Du côté français, on pousse également avec insistance pour mettre en place cet embargo. "Il est plus que jamais nécessaire" de cesser les importations européennes de pétrole russe, avait assuré en avril, le ministre de l'Economie de l'époque, Bruno Le Maire. "Quand vous voyez ce qui se passe dans le Donbass (...) je suis convaincu que la réalité de la situation en Ukraine fera bouger les lignes. Si on est attaché comme nous à la liberté et à la protection du peuple ukrainien, il faut aller au bout de son raisonnement et ne pas financer la guerre" en achetant du pétrole à la Russie", avait-il déclaré sur Europe 1.

Le risque d'une rupture d'approvisionnement semble en effet pouvoir être écarté, comme l'expliquait Olivier Gantois, président de l'Ufip Énergies et Mobilités, ex-Union française des industries pétrolières début mai : "Il n'y a pas de difficulté majeure d'approvisionnement identifiée, pour peu qu'on nous laisse quelques mois pour réorganiser les flux logistiques", aussi bien pour le pétrole brut que le gazole. Selon lui, "il existe déjà en temps normal des alternatives qui sont essentiellement pour le pétrole brut le Moyen-Orient et l'Amérique du nord". Pour le gazole, s'ajoute à ces deux régions "l'Inde, qui est un gros producteur". D'autant que, le pétrole russe sera alors "détourné vers des pays qui n'ont pas décidé d'embargo, notamment la Chine et l'Inde, la plupart des pays africains et des pays d'Amérique du Sud, ce qui libérera des barils non russes achetés normalement par ces pays", prédit-il. "Aujourd'hui nous n'avons aucun problème d'approvisionnement en France, nous sommes en train de travailler à avoir d'autres fournisseurs et nous avons des réserves (...) donc je dis à nos concitoyens : pas la peine de se précipiter vers les stations essence, il y a ce qu'il faut", avait également assuré l'ancienne ministre Transition écologique Barbara Pompili.

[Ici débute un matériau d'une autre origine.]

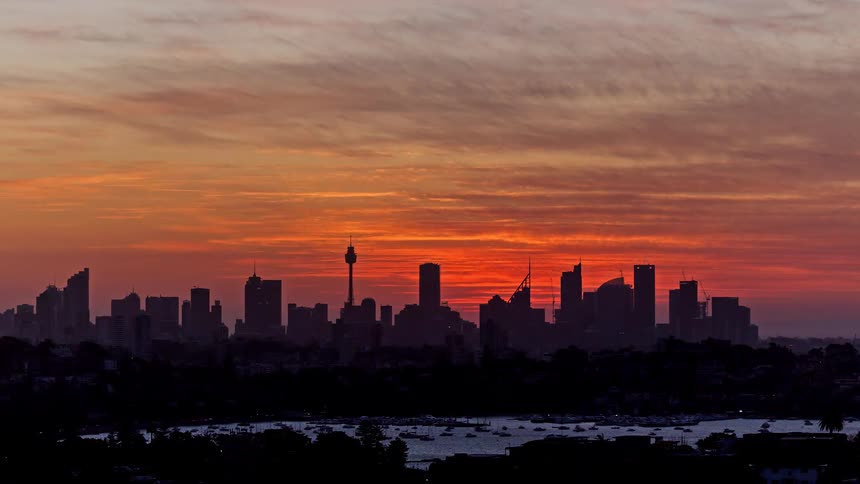 This timelapse captures a stunning sunset over the sydney skyline featuring the iconic sydney tower eye as the sun dips behind the buildingsas darkness falls the city transitions into a vibrant nightscape with office towers and streetlights illumina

Si les Français auront de quoi remplir leur réservoir, l'impact sur leurs finances pourrait néanmoins s'alourdir. Un embargo pourrait, en effet, faire grimper les prix à la pompe. "Le schéma d'approvisionnement actuel est un schéma optimisé, dans lequel on fait venir en France les barils qui sont les plus intéressants économiquement. Dès lors qu'on s'écarte de ce schéma, on peut partir sur le principe que ça va coûter plus cher", mettait en garde Olivier Gantois. D'autant plus que plusieurs pays producteurs et exportateurs de pétrole ne veulent pour l'instant pas ouvrir massivement les vannes.